Please print exactly the lines from the line containing "Interchangeable Zeta Phi" through the end of the data, no more, and keep pictures out of the copy.

========================================

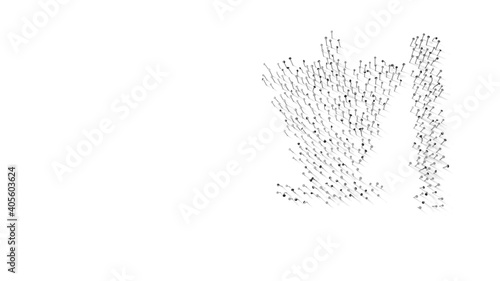 3d rendering of nails in shape of symbol of kebab with shadows isolated on white background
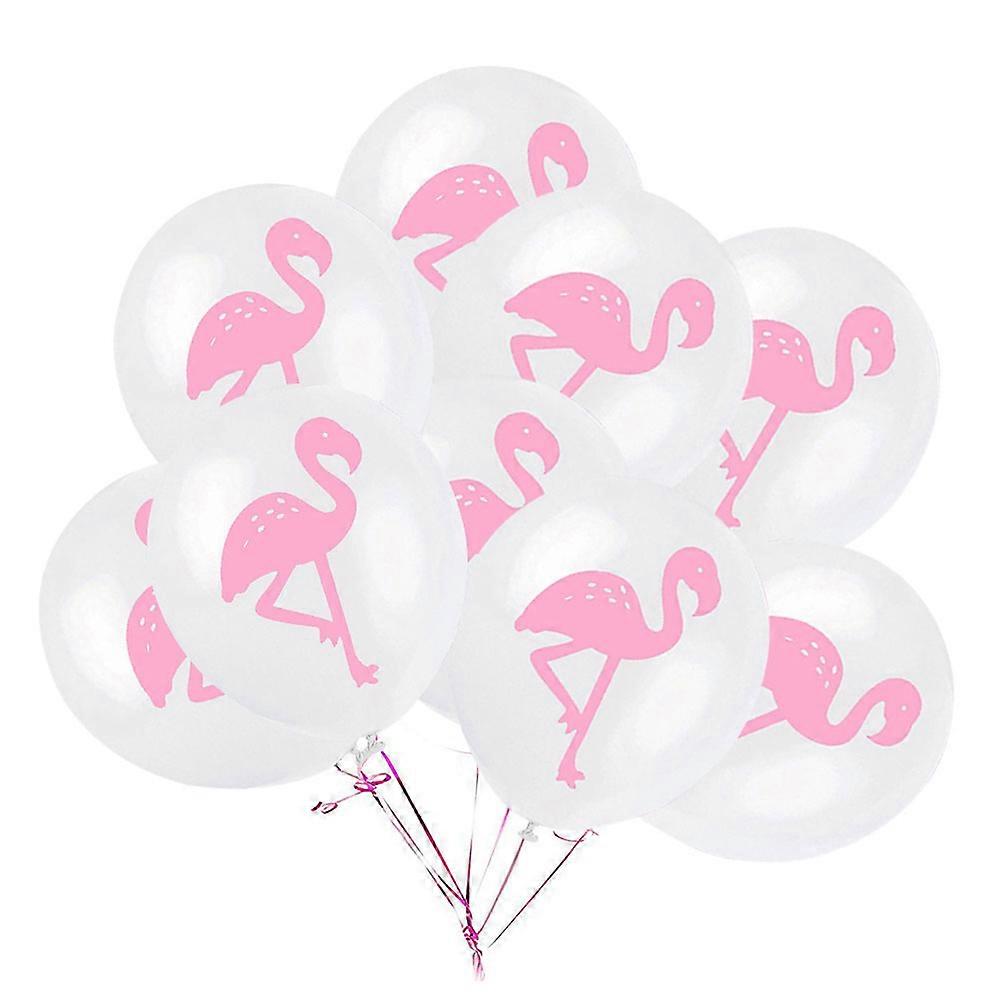 Hawaii Party Decoration with Assorted Color Latex Balloons 15 Piece Set Including 12 Inch Flamingo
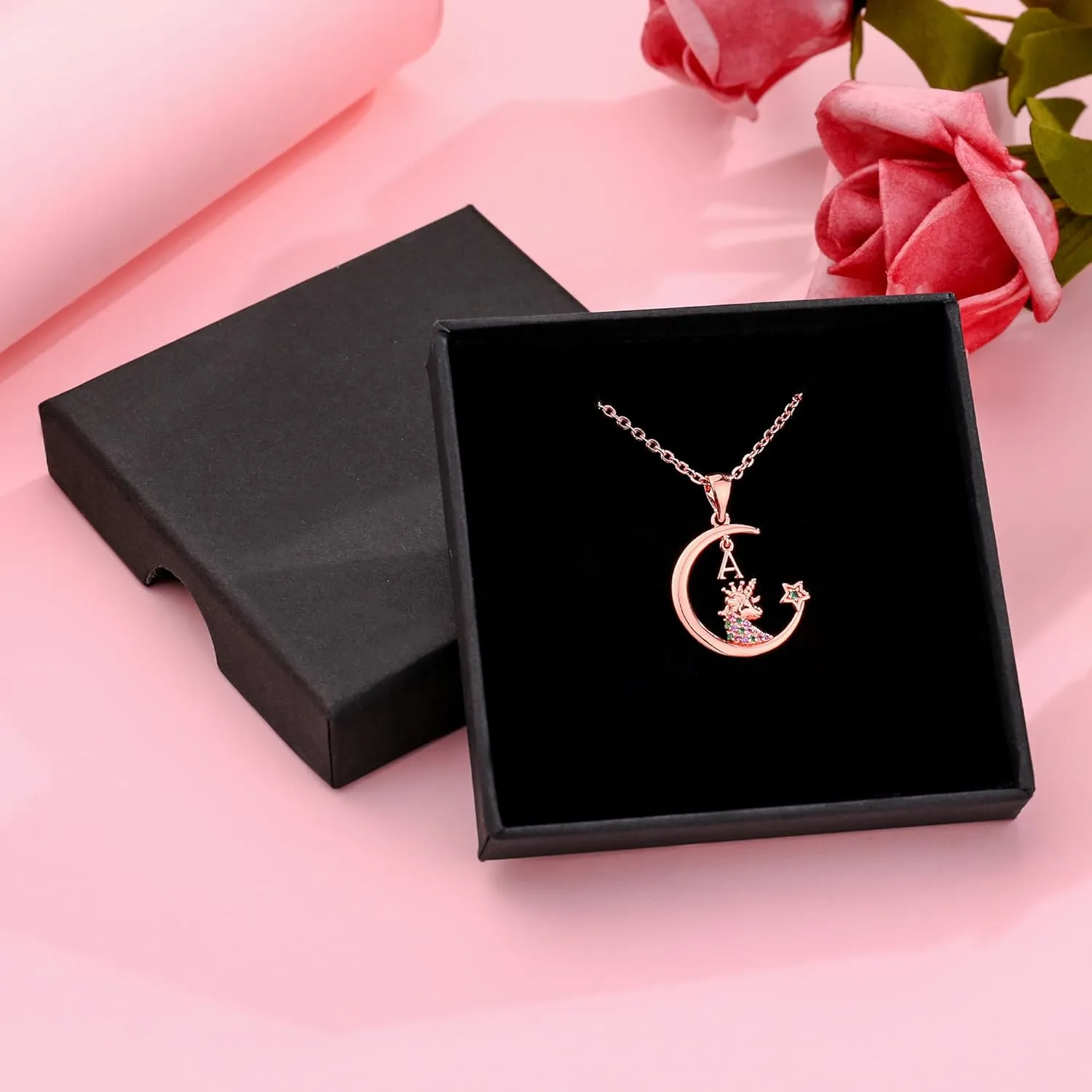 Gifts for Girls - Unicorn Necklace, 14K Gold/Rose Gold/White Gold Plated Initial Unicorn Necklace CZ Moon and Star Necklace Unicorn Jewelry Birthday Gifts Unicorn Gifts for Girls
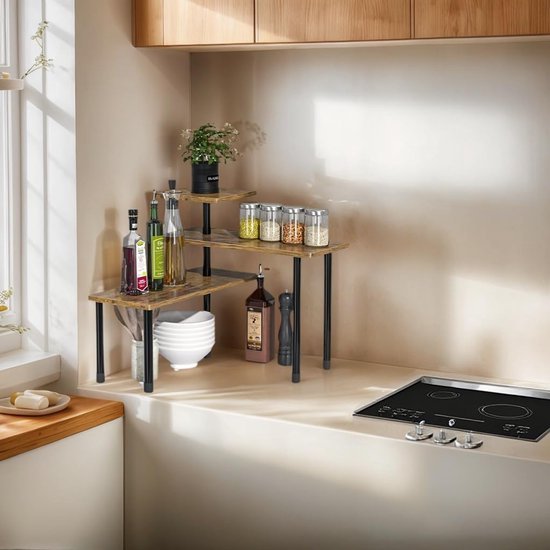 Unyqoos® Veelzijdig houten hoekrek met drie niveaus voor keuken en badkamer
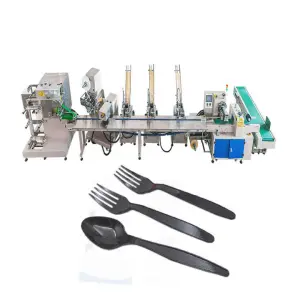Disposable Plastic Tableware Automatic Multi Function Wrapping Packaging Machine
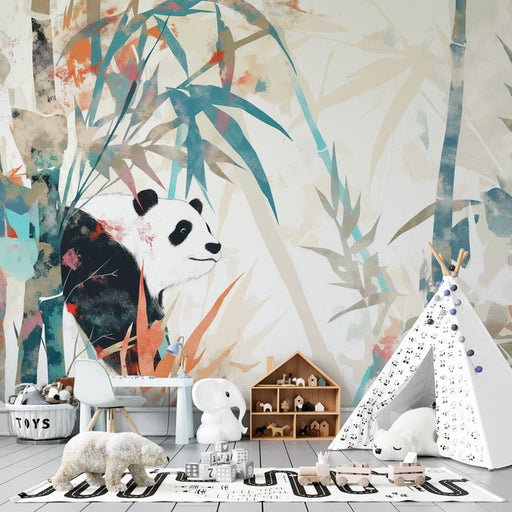 Panda Wallpaper Mural | Bamboo Grove Pink - Carving wallpaper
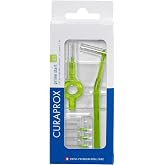 Curaprox Interdental Brush Set, Size 011, Green, 5 Brushes + 2 Holders | Inter Proxy Brush, Prime Interdental Brush, Ultra-Fine Filaments, Click System, Fits Curaprox IDB Holders, Swiss Oral Care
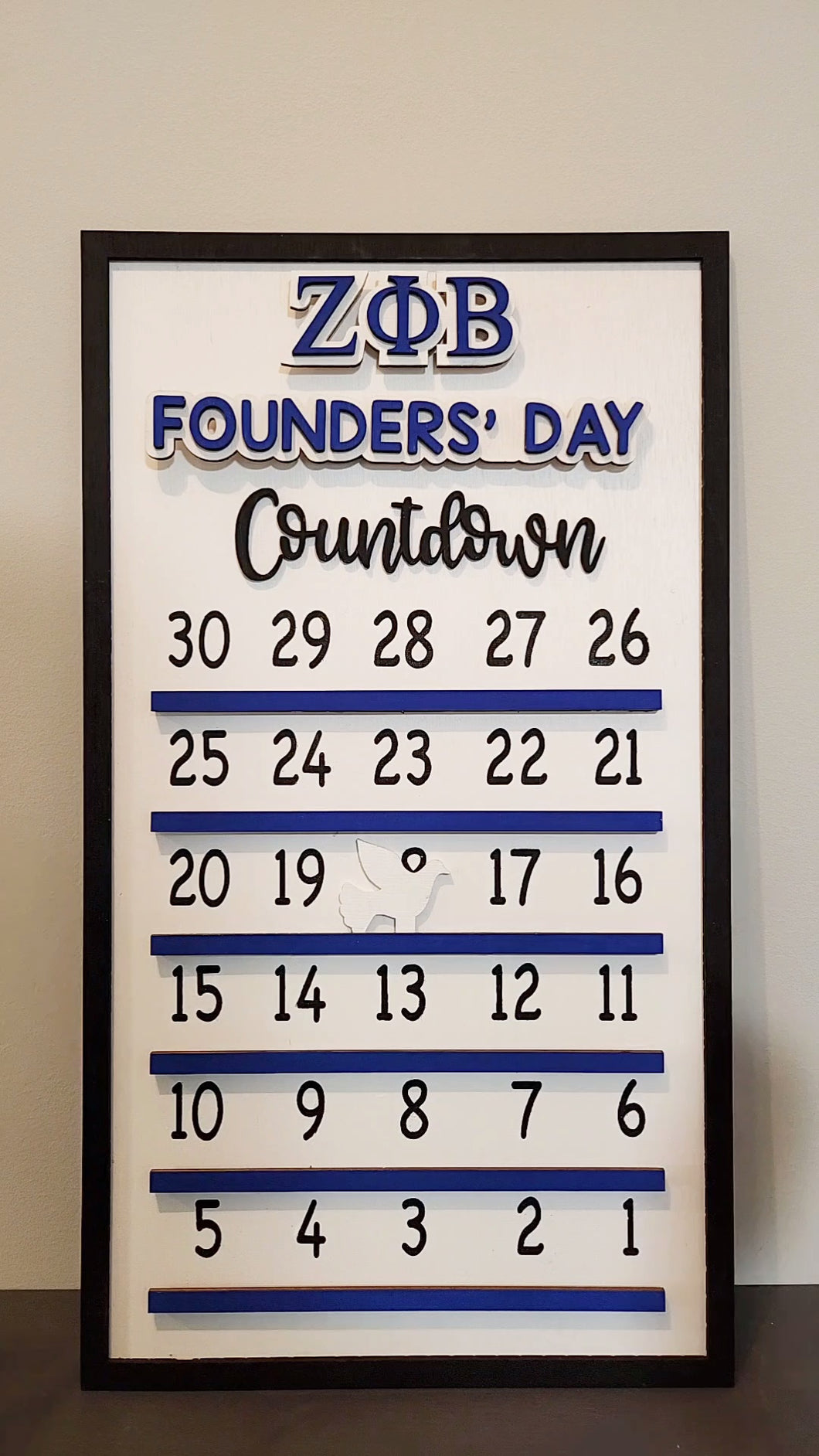 Interchangeable Zeta Phi Beta Countdown Calendar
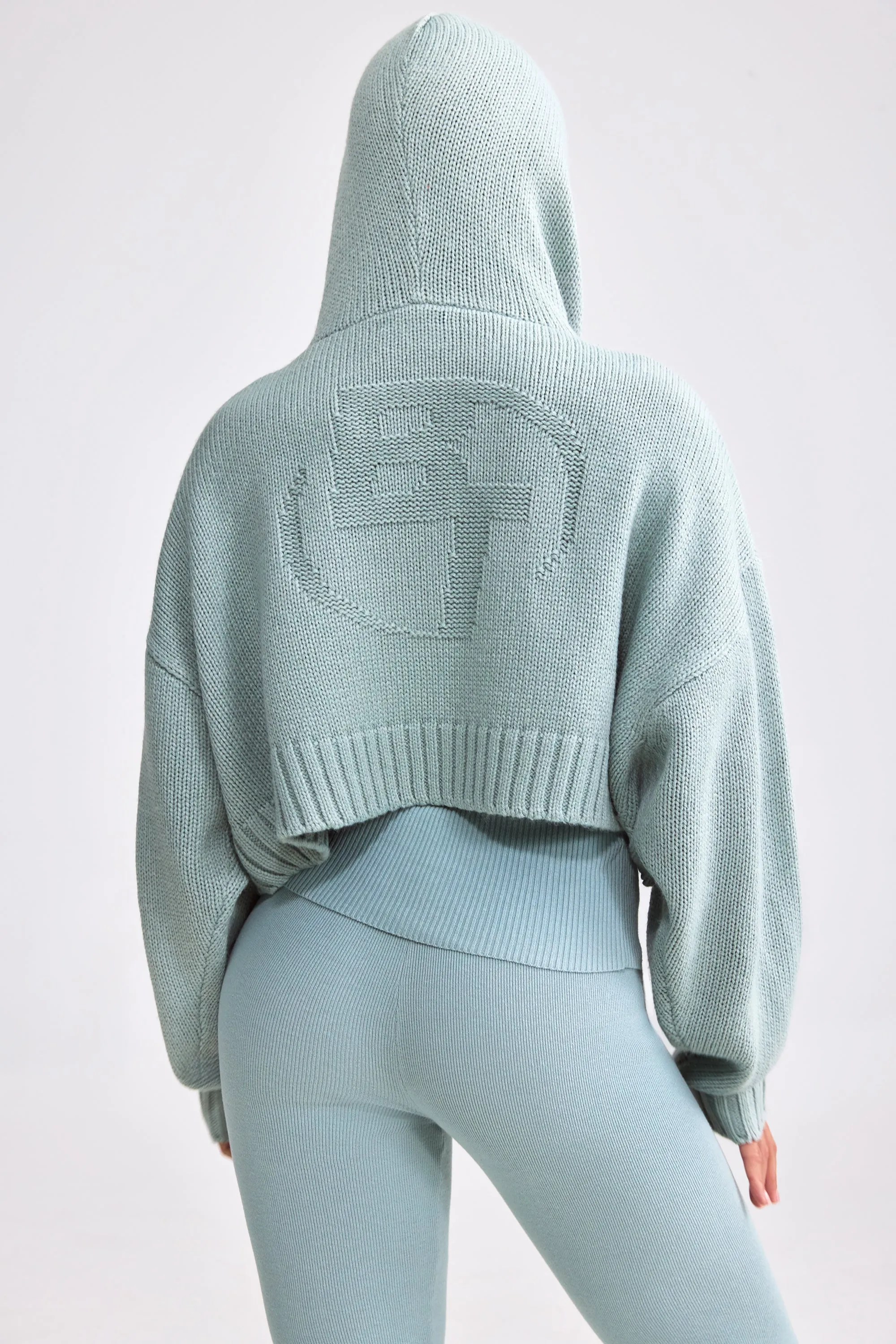 Cropped Zip-Up Chunky Knit Hoodie in Dusty Teal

========================================

### Response to the exercise:
 Interchangeable Zeta Phi Beta Countdown Calendar
 Cropped Zip-Up Chunky Knit Hoodie in Dusty Teal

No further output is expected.